There's plenty of support here on the forum if you decide to give it a go... what's your h/cap? history in the game?

regards
James.


----------



## big_russ (Jul 22, 2012)

I've been stacking for about 18 months now and the way it has improved my game is that I am now a much better ball striker and I have more confidence in the shot pattern and ball flight. I have also found that I am now hitting my driver better and further than ever before.

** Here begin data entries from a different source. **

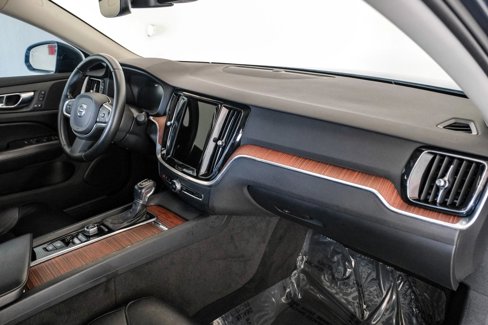 Used 2021 Volvo S60 T5 Momentum image 12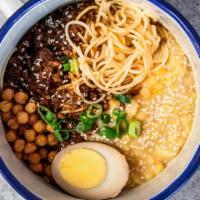 Za Jiang Noodle 豌豆杂酱面. · 🌶️ 
Minced Pork, Yellow Bean Paste, Chili oil, Fried Beans, Braised Egg.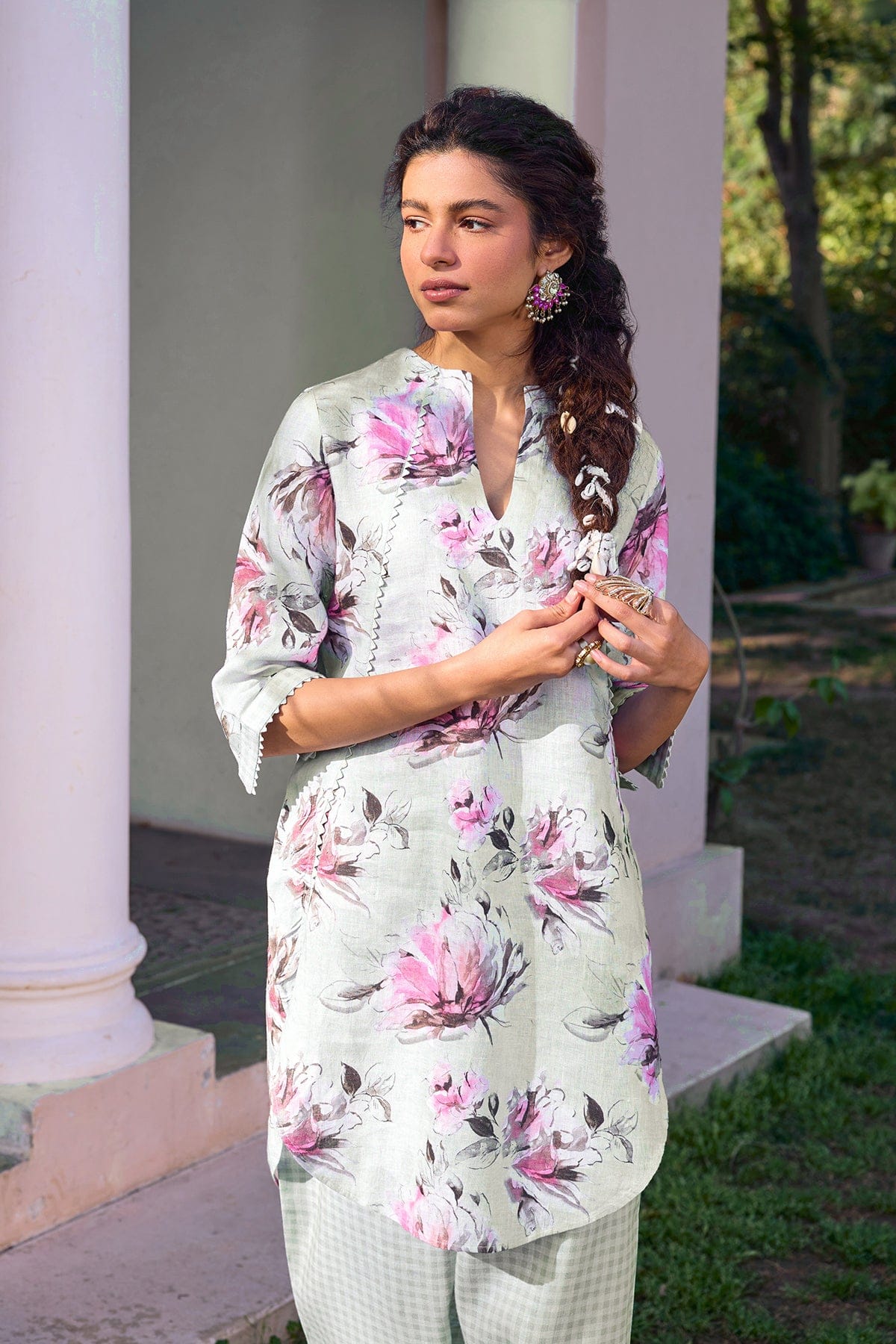 The Vida Aqua Solid Linen Kurti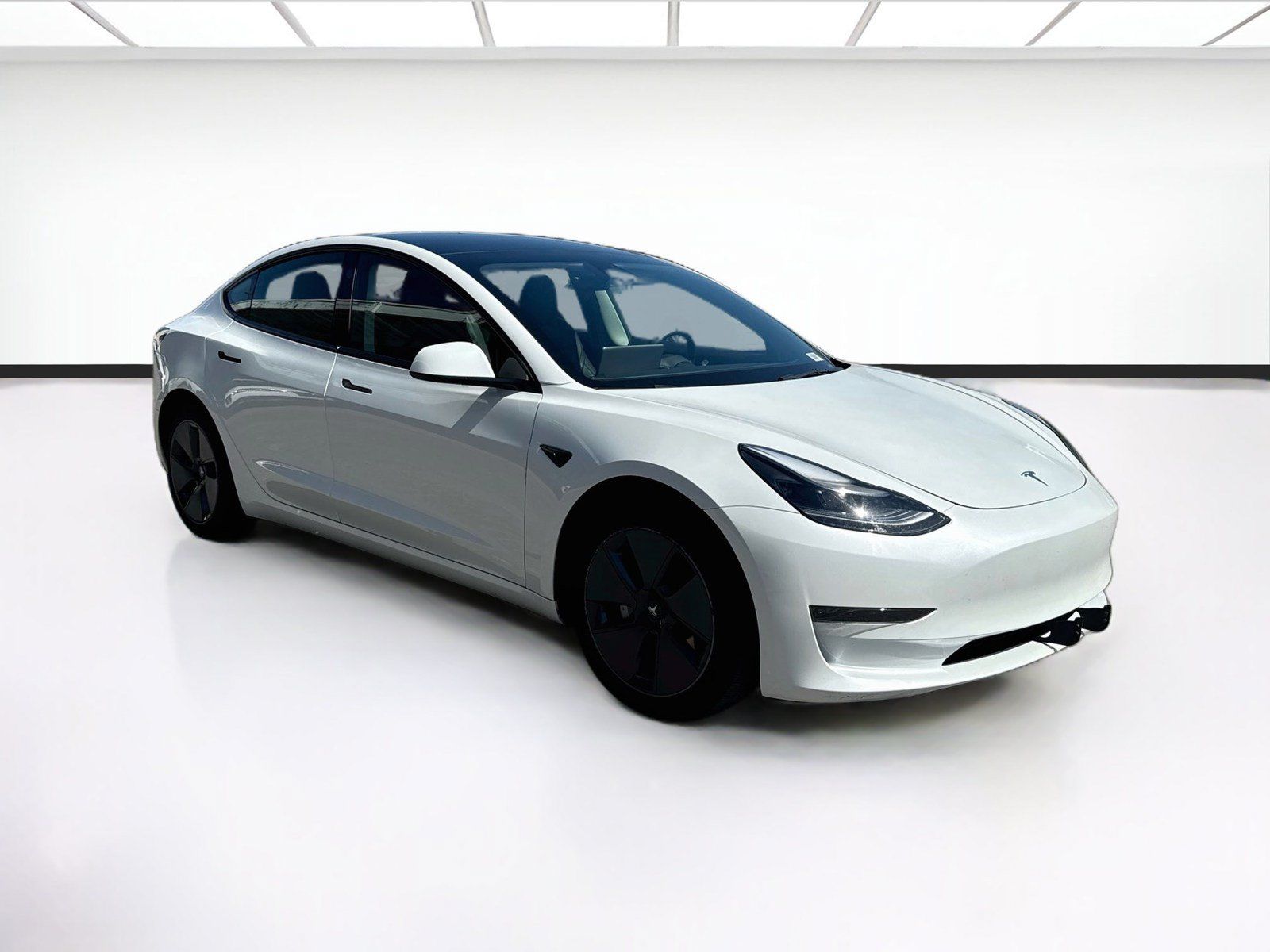 Used 2023 Tesla Model 3 Standard Range RWD image 3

Just a side note for Bob, if the swing pattern is followed correctly there is absolutely no truth in the myth that it promotes a steep angle of attack into the ball. If you can get a viewing of the new DVD's then all the trackman data is there to see.


----------



## JustOne (Jul 22, 2012)

big_russ said:



			Just a side note for Bob, if the swing pattern is followed correctly there is absolutely no truth in the myth that it promotes a steep angle of attack into the ball. If you can get a viewing of the new DVD's then all the trackman data is there to see.
		
Click to expand...

I agree about the angle of attack as the plane would be flatter for the longer irons/woods anyway, regardless of the elements within the pattern. As a connected rotation there is less lifting of the arms/club than you'll find with most other patterns.




You have the new DVD's.....??


----------



## bobmac (Jul 22, 2012)

if the swing pattern is followed correctly there is absolutely no truth  in the myth that it promotes a steep angle of attack into the ball.
		
Click to expand...

Really?
I don't think so


----------



## big_russ (Jul 22, 2012)

[QUOTE/]You have the new DVD's.....??[/QUOTE]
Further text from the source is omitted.